I hit the ground and tumbled end over end. Came to rest against a city bus and looked up at the business end of the terrible radioactive thunder lizard that had been giving me so much trouble for the last…
I glanced at the timer. I’d only been in there for ten minutes. Ten minutes that felt like an eternity in my own personal radioactive hell.
Well, actually when you think about it I imagine suddenly finding fire coming out of your ass end, and not the kind that comes from chili, is probably a special brand of hell as well. The giant lizard was breathing fire from both ends thanks to the explosives I’d set off.
Okay then. Maybe I’d gone for some overkill, but if I’d learned anything in my recent fights it was that there really was no kill like overkill when you got down to it.

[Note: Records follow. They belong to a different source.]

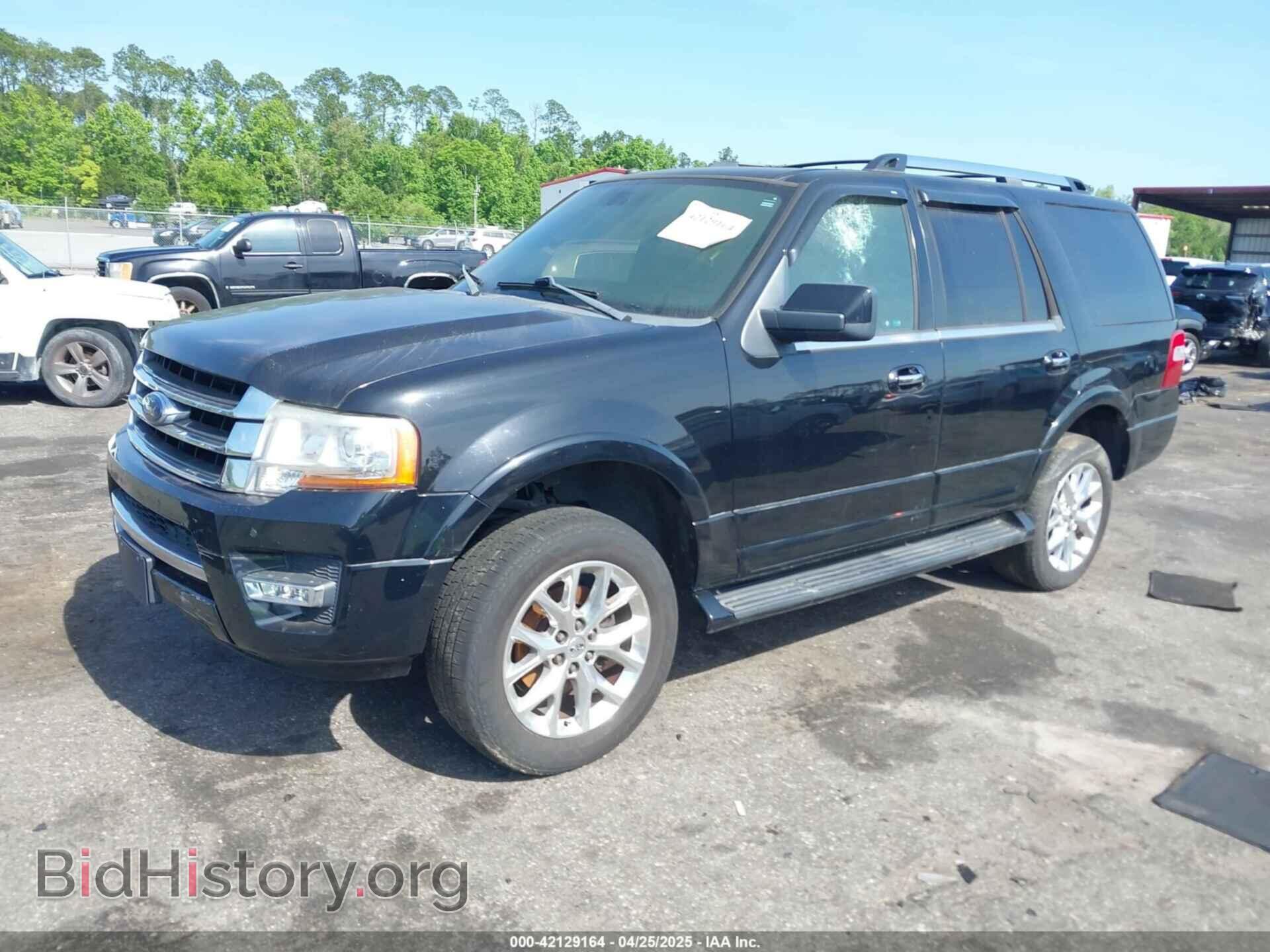 2017 FORD EXPEDITION - VIN: 1FMJU1KT0HEA08762 - Фото 2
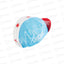 ZEITBIKE - Casquette de Cyclisme Chicago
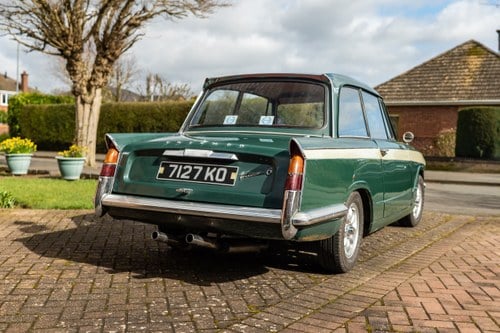 1964 Triumph Vitesse 6 1600 In vendita (immagine 8 di 261)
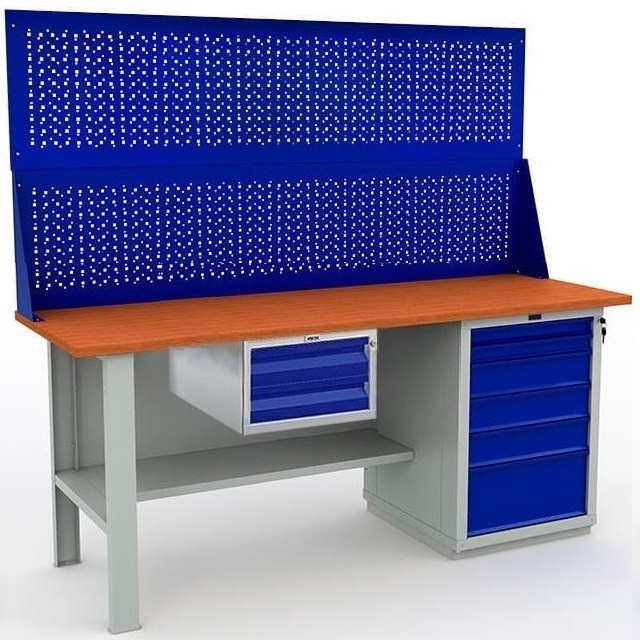 Верстак Expert W200.F2/WS6.120 купить в Верстак Expert W200.F2/WS6.120 купить в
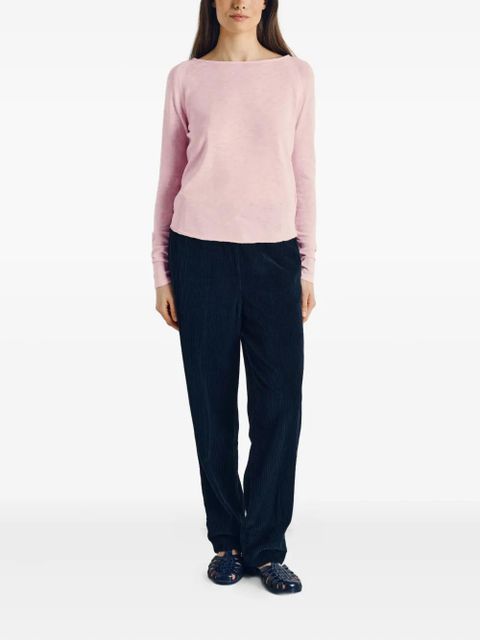 American Vintage Sonoma long-sleeve T-shirt - Pink - zdjęcie produktu nr 2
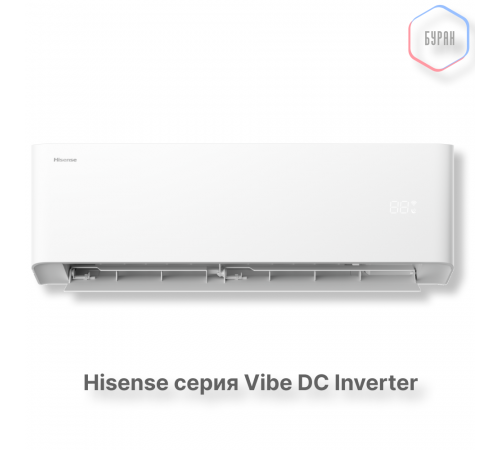 Кондиционер инверторный Hisense AS-24UW4RBTHB00
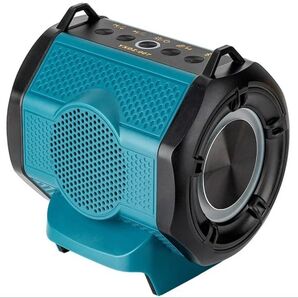 【新品】マキタ18Vバッテリー対応 Bluetoothスピーカー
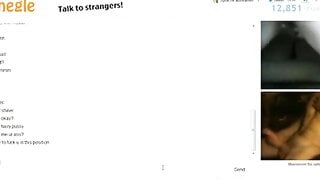 Girl Gets Tricked And Has Cybersex With A Fake Guy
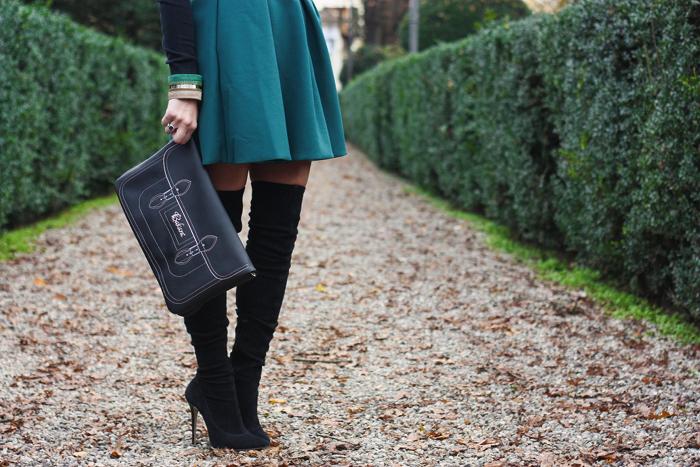 bakarà gigì bag outfit blogger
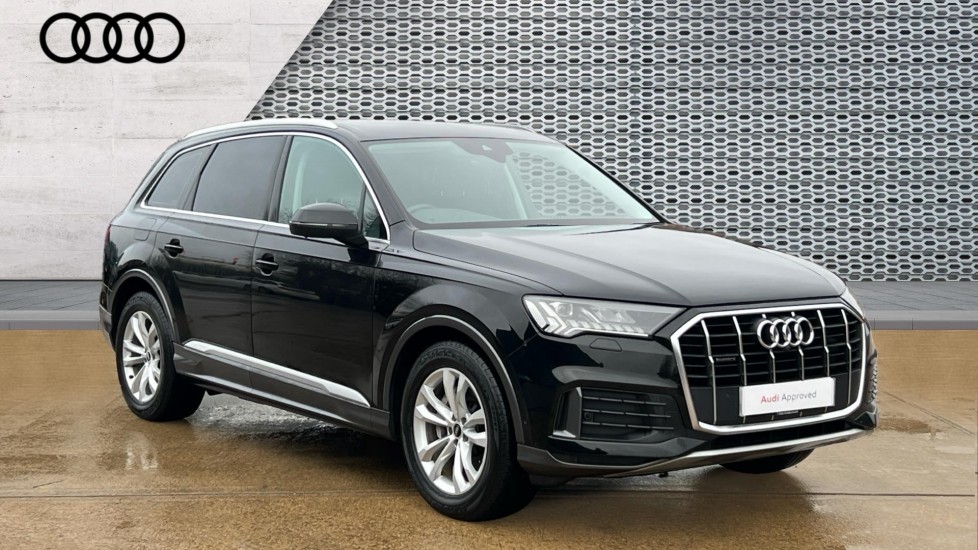 Main listing image - Audi Q7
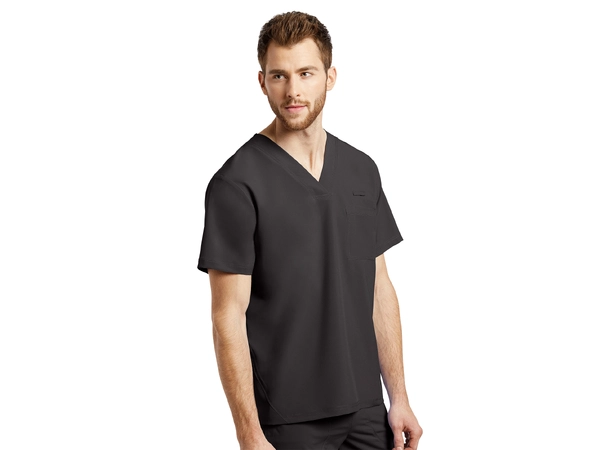FIT tunika med rett passform Black L 
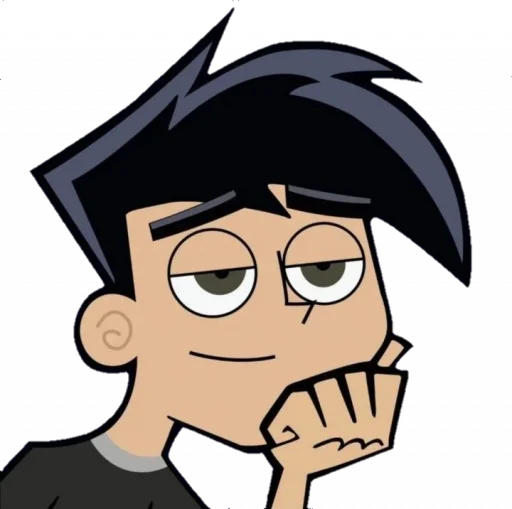 Danny Phantom by @Shtormcat - 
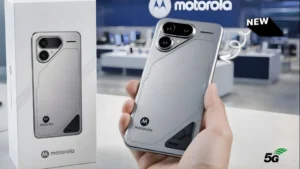 Motorola 5G Smart Phone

The lizard lurched forward a couple more steps. It paused and wavered for a moment, and then it fell to the side. Which meant it slammed into a couple of buildings and sent shockwaves running up the front face of a skyscraper that was mostly all glass.
Well it was all glass until the lizard brushed against it, at least. After that it was all broken glass.
Finally the thing came to rest on the street. I was left standing there wavering back and forth and feeling like disgusting shit. I looked down at myself. I was covered in disgusting shit. Literally.
Hey, you try going on a fantastic voyage through the digestive tract of a monster like that and see if you smell like sunshine and rainbows when you come out the other side.